On 26 October 2017, the General Court annulled the European Commission's conditional merger clearance decision in Liberty Global/Ziggo.

The Commission had approved the acquisition of Ziggo by Dutch rival cable TV operator Liberty Global in 2014, subject to extensive conditions including the divestiture of a pay TV film channel and commitments not to impede the provision of audio visual content online (see VBB on Competition Law, Volume 2014, No.10, available at www.vbb.com). KPN, a competitor, appealed the clearance decision on 17 July 2015, alleging, in part, that the Commission had breached its duty to explain why the transaction would not create anti-competitive vertical effects on the market for premium pay TV sports channels.

The General Court found that the Commission failed to include express reasoning in its clearance decision to explain why vertical concerns on the market for premium pay TV sports channels would not arise even though KPN had raised these vertical concerns during the Commission's in-depth merger review and the Commission admitted during the hearing before the General Court that such a market was conceivable. As a result, the General Court annulled the Commission's clearance decision.

This judgment is a rare example of a case where the General Court has overturned a Commission merger approval decision upon appeal by a third party. While a number of prohibition decisions have been annulled on appeal, annulments of approval decisions have been few and far between. The last time the General Court set aside a Commission clearance was when IMPALA challenged the Sony/BMG transaction in 2006 (although that judgment was later overturned by the ECJ).

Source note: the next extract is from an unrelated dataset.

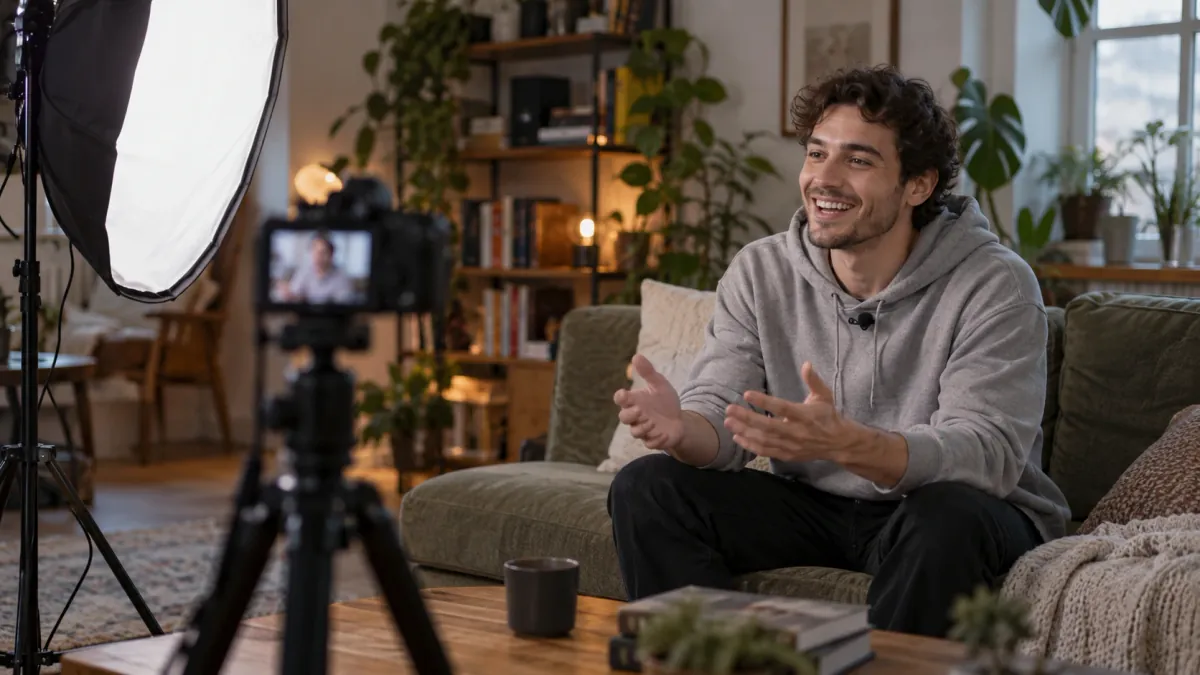 A YouTuber laughs mid-sentence on a sofa in a cosy living room, speaking to a camera on a tripod beside a large softbox light.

The Commission will now need to re-assess Liberty Global's acquisition of Ziggo in light of current market conditions. It is possible that the Commission may yet find that vertical concerns are not likely to arise. Indeed, the Commission conditionally approved the creation of a joint venture between Liberty Global and Vodafone in the Netherlands as recently as August 2016 (see VBB on Competition Law, Volume 2016, No. 8, available at www.vbb.com). In that case, the Commission discussed the (possible) market for pay TV premium sports channels and noted that "even if the joint venture would foreclose KPN (or other competitors) with respect to Ziggo Sport Totaal and/or HBO, these channels cannot be considered 'must have' and there are sufficient alternatives".